迎えた学園祭当日。僕らのクラスの模擬店は予想通りの大人気で、常に満員状態だった。
いよいよ僕らの最初で、そして高校生最後となるライブが今まさに始まろうかという頃、沸き立つ店内の客席からは「早く始めろよ」とヤジが飛び交っていた。
それもそのはず。もうかなり前から僕ら3人共が舞台には立っているのに、いつまでたってもQ君とP君のギターの「チューニング(弦の調律)」が終わらないからだ。
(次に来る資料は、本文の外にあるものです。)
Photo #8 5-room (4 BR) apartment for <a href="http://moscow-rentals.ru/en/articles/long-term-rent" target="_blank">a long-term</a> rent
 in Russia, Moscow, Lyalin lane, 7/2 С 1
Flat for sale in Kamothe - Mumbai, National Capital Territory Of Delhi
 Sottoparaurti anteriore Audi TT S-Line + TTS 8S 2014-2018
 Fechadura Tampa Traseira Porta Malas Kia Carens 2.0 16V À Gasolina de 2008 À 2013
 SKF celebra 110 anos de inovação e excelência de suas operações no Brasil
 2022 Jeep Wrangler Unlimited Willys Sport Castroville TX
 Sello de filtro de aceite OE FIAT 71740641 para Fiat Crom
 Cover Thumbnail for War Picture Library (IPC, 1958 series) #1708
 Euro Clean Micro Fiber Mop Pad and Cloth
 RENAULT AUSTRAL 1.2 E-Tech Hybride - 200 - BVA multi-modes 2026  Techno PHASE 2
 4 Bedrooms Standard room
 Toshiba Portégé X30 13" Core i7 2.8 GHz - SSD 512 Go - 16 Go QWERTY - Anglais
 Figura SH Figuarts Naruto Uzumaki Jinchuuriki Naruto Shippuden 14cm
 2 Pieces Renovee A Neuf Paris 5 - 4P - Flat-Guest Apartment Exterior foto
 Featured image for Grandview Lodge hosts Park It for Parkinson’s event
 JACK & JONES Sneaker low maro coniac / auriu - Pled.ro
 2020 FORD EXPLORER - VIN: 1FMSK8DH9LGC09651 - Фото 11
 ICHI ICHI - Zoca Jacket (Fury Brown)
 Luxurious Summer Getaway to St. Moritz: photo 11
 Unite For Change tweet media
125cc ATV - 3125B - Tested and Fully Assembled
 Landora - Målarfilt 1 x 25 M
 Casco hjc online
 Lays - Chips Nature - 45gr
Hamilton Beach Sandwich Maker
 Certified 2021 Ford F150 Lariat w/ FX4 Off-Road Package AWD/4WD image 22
「ポニョ~ン、ポニョ~ン、ポニョ~ン、ポニョ~ン」不協和音がいつまでも響き続ける。
いくらアマチュアの模擬店とはいえ、飲食の環境としてはかなり気分の悪いものがある。
僕だけがこのような調整作業が必要ない楽器なので、汗で湿った小さなテンホールズハーモニカを手に持って、ただする事もなく横で立ち尽くしているだけだった。

「ねぇ、まだなの?みんな、もう帰っちゃうよ」文句を言う僕の方を見る事すらなく、
ギターの2人は、まるで何かに取り憑かれたようにチューニングを続けている。
「サムデイ」の練習でもそうだったけれど、ソロ楽器は準備のいらない気楽さと出番を待つ拷問とが常にワンセットだ。待つ事さらに数分、数人の生徒が帰って行くのが見える頃、「じゃ行くよ、P君」「Q君のカウントからね」とのやり取りが聞こえた。
もうそれは、ギターの2人だけの世界で、僕はすっかりかやの外だった。
(こんなにシラケてちゃ、もう演奏どころじゃないよ)僕はすでにさじを投げていた。

けれども曲が始まるや、驚くほどみんなは注目し始め、すぐに模擬店は、まるで本当のライブカフェのような音楽を聴く空気に変わって行った。
僕は自分のハーモニカの出番までかなりあるので、客席を見ている余裕があった。どの生徒も真剣に観ていて、さっきまでのダレたムードはもうどこにもない。

そして出番となり、ひとり遅れて僕のテンホールズハーモニカの音色が加わると、場内からはどよめきが沸き上がる。おそらくハーモニカという楽器からイメージしていたものが、もっと子供っぽかったからだろう。
ベンドを効かせたセカンドポジション奏法で、ある程度はブルージーに吹けるようになっていたので、その音色が持つ「本物っぽさ」が、見事にお客さん(生徒)の気を引いたのだ。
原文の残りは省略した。